Your response should consist of the entire listing, transcribed exactly, with every image left out.

-------- COLLECTED DATA

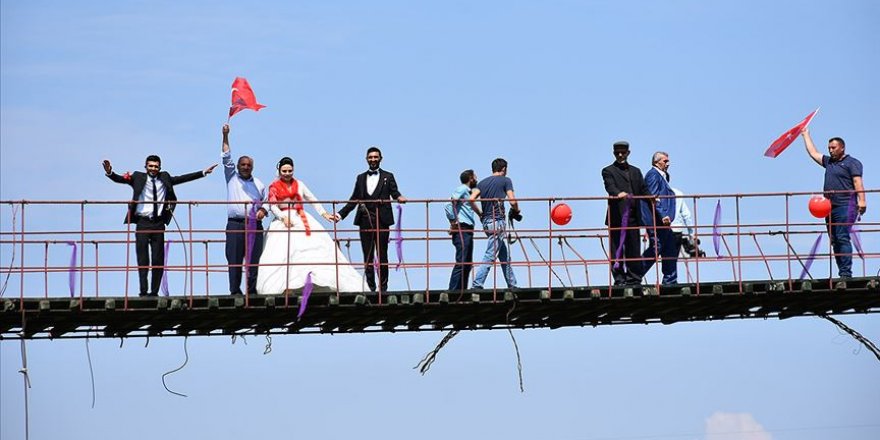 Asma köprüde düğün yaptılar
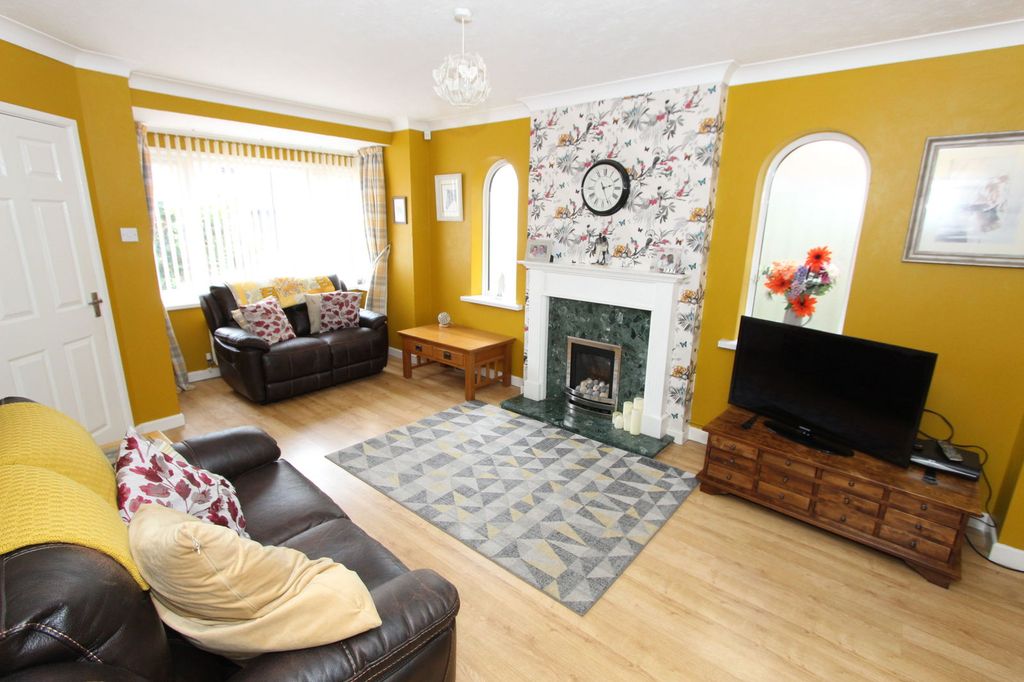 Property photo 2 of 21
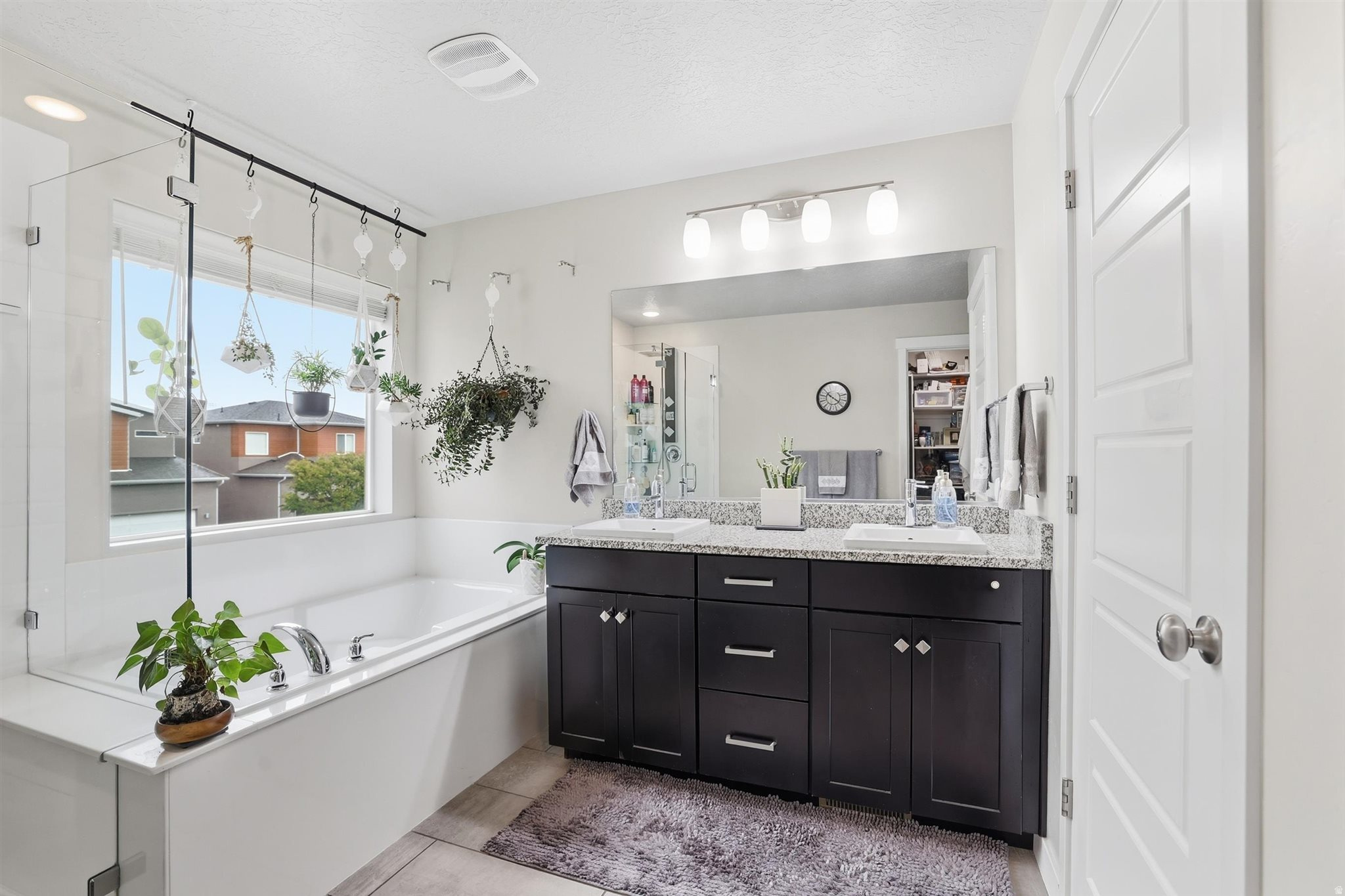 SOLSTICE AT WATERS EDGE - Residential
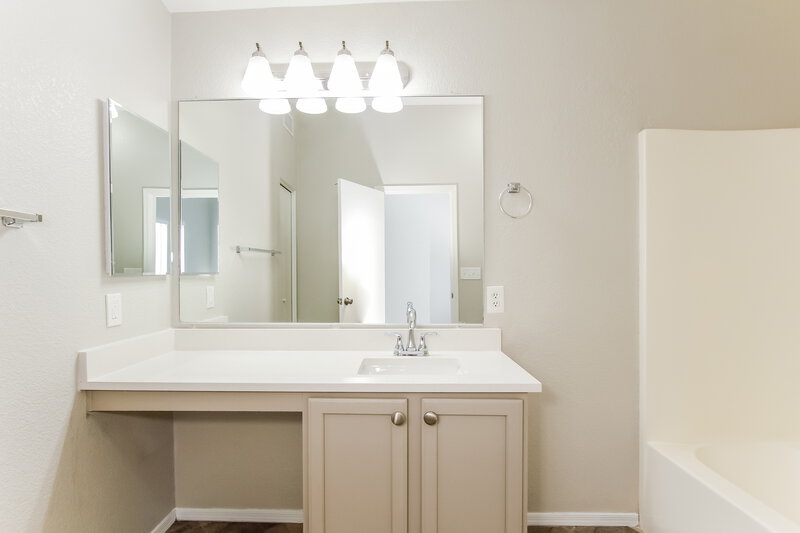 2,055/Mo, 2386 S Saint Thomas Aquinas Dr Tucson, AZ 85713 Bathroom View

----------------

:: RESPONSE TO THIS TASK ::
 Asma köprüde düğün yaptılar
 Property photo 2 of 21
 SOLSTICE AT WATERS EDGE - Residential
 2,055/Mo, 2386 S Saint Thomas Aquinas Dr Tucson, AZ 85713 Bathroom View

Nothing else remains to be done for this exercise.